Le parquet de Montpellier a donc substitué le délit de harcèlement moral au délit de harcèlement sexuel. Il a en outre à juste titre qualifié les attouchements sexuels d’agressions sexuelles.

Tous les salarié.es ayant porté plainte comme celles et ceux qui ont témoigné en leur faveur ont perdu leur emploi : démission, rupture conventionnelle, licenciement pour inaptitude ou pour faute.

Lors de l’audience correctionnelle du 17 juin dernier, M. F. a continué à défendre ses « méthodes » de management. Il a entre autres choses affirmé sans ciller, à propos d’une ex-salariée : « Si elle veut aller en négociation internationale, elle doit savoir faire une présentation nue(1) ». Son avocat, quant à lui, après avoir soulevé l’irrecevabilité de l’AVFT, a en partie axé la défense de son client sur la mise en cause de l’association, qui aurait convaincu les plaignantes qu’elles étaient victimes de harcèlement sexuel et aurait tiré les ficelles de la procédure…

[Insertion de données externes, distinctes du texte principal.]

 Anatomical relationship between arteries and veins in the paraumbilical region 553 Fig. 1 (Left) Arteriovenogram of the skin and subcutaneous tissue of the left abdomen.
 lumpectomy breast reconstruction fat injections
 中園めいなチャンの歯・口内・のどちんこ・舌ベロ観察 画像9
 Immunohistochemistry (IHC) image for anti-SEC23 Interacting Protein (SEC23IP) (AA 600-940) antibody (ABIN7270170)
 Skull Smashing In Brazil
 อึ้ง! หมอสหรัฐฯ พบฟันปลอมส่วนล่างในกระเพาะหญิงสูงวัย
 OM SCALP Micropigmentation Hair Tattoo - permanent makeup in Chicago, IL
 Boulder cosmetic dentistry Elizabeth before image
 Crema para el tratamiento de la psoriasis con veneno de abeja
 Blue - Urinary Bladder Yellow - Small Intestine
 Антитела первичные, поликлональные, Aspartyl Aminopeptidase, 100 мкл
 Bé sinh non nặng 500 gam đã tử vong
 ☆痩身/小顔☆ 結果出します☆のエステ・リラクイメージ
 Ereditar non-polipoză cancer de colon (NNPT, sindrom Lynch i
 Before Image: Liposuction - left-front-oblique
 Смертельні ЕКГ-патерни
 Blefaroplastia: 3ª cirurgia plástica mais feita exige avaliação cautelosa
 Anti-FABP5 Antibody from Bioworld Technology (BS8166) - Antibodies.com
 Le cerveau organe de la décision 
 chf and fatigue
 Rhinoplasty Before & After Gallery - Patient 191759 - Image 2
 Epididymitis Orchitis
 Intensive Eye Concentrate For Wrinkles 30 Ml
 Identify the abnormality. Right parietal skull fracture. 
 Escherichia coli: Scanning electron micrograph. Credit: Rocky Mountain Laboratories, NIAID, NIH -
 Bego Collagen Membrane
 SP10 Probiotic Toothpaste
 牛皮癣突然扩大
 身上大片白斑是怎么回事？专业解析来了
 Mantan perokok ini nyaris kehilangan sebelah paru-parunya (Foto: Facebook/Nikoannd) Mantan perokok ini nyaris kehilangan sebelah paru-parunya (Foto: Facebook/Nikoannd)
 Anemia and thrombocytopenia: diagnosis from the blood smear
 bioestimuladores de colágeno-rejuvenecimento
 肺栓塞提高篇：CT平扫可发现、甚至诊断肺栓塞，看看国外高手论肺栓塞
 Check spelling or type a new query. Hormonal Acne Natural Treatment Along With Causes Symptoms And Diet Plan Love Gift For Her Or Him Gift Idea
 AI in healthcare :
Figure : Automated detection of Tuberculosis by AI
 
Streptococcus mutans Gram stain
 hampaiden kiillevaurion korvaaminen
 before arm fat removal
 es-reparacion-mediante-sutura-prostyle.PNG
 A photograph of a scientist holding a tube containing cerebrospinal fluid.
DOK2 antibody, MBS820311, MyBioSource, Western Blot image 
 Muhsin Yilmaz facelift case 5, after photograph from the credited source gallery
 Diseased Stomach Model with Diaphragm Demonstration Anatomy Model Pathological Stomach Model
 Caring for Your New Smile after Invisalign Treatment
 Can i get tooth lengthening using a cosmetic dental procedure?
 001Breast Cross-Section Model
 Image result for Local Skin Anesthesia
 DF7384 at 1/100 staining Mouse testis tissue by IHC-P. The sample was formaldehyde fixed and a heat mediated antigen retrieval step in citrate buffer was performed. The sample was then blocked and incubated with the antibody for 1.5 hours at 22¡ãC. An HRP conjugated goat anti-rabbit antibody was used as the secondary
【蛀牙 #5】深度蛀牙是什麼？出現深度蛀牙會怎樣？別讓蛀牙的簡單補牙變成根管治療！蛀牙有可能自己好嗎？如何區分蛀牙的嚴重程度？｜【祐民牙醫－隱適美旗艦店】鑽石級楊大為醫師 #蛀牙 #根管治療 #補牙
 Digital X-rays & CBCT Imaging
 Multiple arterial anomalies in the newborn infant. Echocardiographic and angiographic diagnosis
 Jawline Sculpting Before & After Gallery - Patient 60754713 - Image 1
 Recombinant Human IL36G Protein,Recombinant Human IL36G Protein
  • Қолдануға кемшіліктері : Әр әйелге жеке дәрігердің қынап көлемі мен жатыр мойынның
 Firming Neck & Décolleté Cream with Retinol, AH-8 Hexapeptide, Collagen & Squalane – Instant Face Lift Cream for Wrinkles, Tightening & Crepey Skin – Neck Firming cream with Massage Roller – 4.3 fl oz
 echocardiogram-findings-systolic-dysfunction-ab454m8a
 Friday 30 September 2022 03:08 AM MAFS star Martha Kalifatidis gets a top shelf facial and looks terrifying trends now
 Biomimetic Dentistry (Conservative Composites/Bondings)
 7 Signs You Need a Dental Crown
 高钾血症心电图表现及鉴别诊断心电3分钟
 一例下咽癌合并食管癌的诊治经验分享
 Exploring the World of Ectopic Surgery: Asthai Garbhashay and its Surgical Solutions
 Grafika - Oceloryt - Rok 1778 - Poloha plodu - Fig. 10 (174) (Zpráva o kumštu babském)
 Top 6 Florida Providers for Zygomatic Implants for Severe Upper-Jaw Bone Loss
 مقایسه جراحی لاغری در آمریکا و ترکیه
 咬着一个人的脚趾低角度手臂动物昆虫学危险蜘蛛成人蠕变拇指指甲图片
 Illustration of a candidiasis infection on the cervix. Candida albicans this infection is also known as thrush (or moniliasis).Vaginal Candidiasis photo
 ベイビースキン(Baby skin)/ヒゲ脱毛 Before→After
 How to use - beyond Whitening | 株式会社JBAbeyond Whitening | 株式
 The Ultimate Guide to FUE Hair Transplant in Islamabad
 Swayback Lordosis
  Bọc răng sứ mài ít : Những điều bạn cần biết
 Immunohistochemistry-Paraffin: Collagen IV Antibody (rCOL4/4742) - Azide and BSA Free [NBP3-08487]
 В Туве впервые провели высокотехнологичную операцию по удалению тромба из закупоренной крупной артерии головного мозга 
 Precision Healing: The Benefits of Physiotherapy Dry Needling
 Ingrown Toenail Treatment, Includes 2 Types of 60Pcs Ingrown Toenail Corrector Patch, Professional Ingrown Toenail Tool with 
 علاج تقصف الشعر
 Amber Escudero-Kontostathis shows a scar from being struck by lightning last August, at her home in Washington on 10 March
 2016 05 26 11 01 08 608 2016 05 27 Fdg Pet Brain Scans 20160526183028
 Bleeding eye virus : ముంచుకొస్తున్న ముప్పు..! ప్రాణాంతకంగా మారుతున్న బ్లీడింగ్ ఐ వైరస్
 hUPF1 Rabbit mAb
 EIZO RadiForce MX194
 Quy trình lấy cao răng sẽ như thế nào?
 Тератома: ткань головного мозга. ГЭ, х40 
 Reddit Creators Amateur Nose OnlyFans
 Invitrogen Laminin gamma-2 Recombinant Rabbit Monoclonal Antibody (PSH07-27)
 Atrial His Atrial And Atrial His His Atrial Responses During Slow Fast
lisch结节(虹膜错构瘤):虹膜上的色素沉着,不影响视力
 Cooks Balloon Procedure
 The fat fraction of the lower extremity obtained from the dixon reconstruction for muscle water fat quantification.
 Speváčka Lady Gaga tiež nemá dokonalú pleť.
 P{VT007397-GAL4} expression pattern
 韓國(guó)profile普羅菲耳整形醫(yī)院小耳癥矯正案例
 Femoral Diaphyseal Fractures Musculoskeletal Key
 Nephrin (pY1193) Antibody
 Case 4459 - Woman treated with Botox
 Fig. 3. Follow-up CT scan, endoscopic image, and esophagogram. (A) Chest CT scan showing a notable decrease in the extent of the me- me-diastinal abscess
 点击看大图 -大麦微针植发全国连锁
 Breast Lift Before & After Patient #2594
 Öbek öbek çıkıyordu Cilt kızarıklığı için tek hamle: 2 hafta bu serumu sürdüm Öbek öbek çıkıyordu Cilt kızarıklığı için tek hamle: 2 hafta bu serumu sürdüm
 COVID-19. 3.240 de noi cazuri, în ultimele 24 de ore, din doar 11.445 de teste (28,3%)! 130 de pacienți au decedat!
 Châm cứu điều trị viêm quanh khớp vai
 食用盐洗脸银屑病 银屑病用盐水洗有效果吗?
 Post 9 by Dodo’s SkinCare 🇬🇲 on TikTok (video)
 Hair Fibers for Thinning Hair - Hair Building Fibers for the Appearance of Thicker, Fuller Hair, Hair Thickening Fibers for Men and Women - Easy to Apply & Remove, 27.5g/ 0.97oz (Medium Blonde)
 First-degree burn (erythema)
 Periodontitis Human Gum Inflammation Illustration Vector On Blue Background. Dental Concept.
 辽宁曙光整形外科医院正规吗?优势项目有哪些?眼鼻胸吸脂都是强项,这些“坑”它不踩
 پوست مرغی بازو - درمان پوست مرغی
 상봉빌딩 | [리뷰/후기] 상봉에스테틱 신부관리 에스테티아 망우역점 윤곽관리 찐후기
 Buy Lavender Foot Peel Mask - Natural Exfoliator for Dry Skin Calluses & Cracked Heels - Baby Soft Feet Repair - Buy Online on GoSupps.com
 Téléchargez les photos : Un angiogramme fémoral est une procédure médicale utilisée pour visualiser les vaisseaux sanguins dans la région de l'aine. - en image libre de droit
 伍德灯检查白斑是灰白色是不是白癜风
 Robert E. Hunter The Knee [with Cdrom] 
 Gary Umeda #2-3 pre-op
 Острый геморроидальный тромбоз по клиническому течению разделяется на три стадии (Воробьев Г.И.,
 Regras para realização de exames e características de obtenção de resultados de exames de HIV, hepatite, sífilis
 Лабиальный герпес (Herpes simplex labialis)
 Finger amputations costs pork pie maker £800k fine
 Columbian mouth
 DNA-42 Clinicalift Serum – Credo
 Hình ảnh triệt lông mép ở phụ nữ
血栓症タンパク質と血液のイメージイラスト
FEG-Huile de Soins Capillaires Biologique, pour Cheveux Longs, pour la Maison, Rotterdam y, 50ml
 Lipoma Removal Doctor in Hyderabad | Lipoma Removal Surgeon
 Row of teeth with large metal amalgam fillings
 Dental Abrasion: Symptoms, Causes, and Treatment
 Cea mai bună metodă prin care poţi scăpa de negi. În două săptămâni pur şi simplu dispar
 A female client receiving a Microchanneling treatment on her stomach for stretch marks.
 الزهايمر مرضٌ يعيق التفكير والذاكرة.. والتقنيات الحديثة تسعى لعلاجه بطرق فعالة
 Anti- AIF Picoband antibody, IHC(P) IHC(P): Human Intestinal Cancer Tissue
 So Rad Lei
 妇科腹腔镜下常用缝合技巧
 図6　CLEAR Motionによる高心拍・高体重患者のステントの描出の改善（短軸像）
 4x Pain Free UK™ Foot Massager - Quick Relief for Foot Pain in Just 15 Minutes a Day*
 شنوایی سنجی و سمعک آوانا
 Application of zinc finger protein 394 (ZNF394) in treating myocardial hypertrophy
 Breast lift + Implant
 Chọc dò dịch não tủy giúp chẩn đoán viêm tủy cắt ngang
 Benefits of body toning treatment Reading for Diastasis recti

Le Tribunal correctionnel a condamné M. F à 10 mois d’emprisonnement avec sursis pour l’ensemble des délits pour lesquels il était jugé, considérant y compris que ses mains posées sous la poitrine d’une de ses salariées, dans un contexte connoté sexuellement, constituait bien le délit d’agression sexuelle. Il est en revanche resté en deçà des réquisitions de la procureure de la République, qui réclamait en outre deux ans de mise à l’épreuve assortis d’une obligation de soins.

M. F. est condamné à verser près de 20 000 €? de dommages et intérêts et de frais de procédures aux sept victimes parties civiles, qui étaient assistées par Me Laurent Epailly.

L’AVFT, représentée par Marilyn Baldeck, a été déclarée recevable. M.F a été condamné à lui verser 1000? € de dommages et intérêts et 800? € au titre de l’article 475-1 du Code de procédure pénale.

Suite à une première audience prud’homale, aucune décision n’avait pu être rendue en raison de la démission d’une conseillère prud’hommes avant d’avoir délibéré.

C’est donc fort.es de cette condamnation pénale(2) que les ex-salarié.es de l’entreprise, femmes et hommes cette fois, se rendront devant le Conseil de prud’hommes(3) de Montpellier le 1er septembre prochain.

Marilyn Baldeck
Déléguée générale

Notes

1. Est-il besoin de la préciser, devant lui.

2. Qui peut être frappée d’appel dans un délai de 10 jours.

3. Dans cette procédure, les salarié.es sont assisté.es par Me Pascale Dell’Ova.